Releasing the reins of my own perfection
- Cate Ralph

- Nov 1, 2022
- 1 min read

I listened to Elyse Myer's podcast the other day. Her theme song is unfinished and she openly admits at the beginning that she wanted to make it perfect. That resonated with me in few things have––the paralysis that accompanies perfectionism. I expect myself to be perfect in many of the things that I do, this page being one of them. I thought for a long time that the writing that I put on here had to be eloquent, profound, and without any errors.
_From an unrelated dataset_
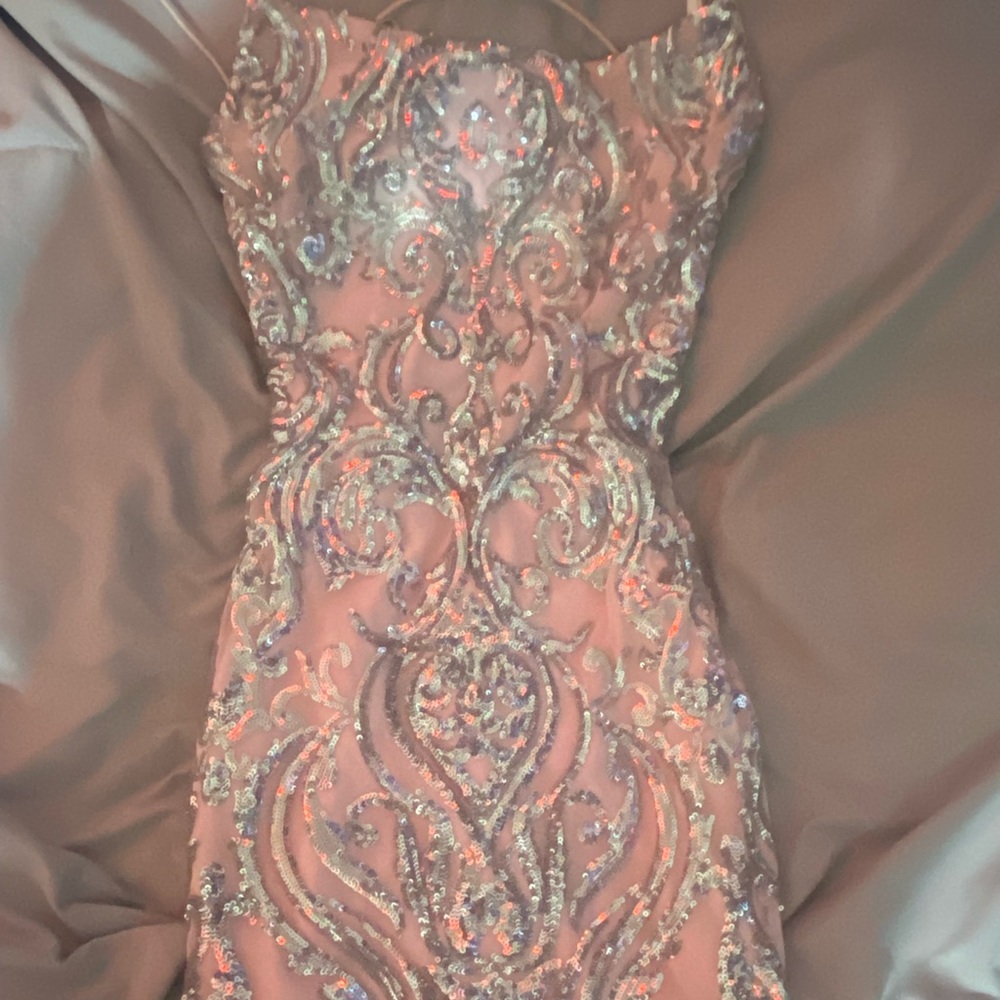 Windsor Dress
I began writing an email to my grandparents. I wanted to send photos with captions and explanations for what I was doing. I realized then that others might be interested as well. by shifting the audience of these blog posts from my own criticism, to my grandparents reading to learn more about my life here, I felt a sense of freedom––they all know that I'm imperfect. They know that my writing will inevitably have errors, but they love me because of those imperfections.
I am writing this post on the website itself––something that I would have never done before in hopes that it will push me to post unfinished pieces that give whoever is reading them a little insight into what's going on in my brain right now.
This post simply serves as a disclaimer that I am releasing myself and this blog from the perfectionism I once sought within it––so if you see typos, if the wording irritates you, or if pieces seem unfinished, I encourage you to consider that the posts wouldn't exist without them.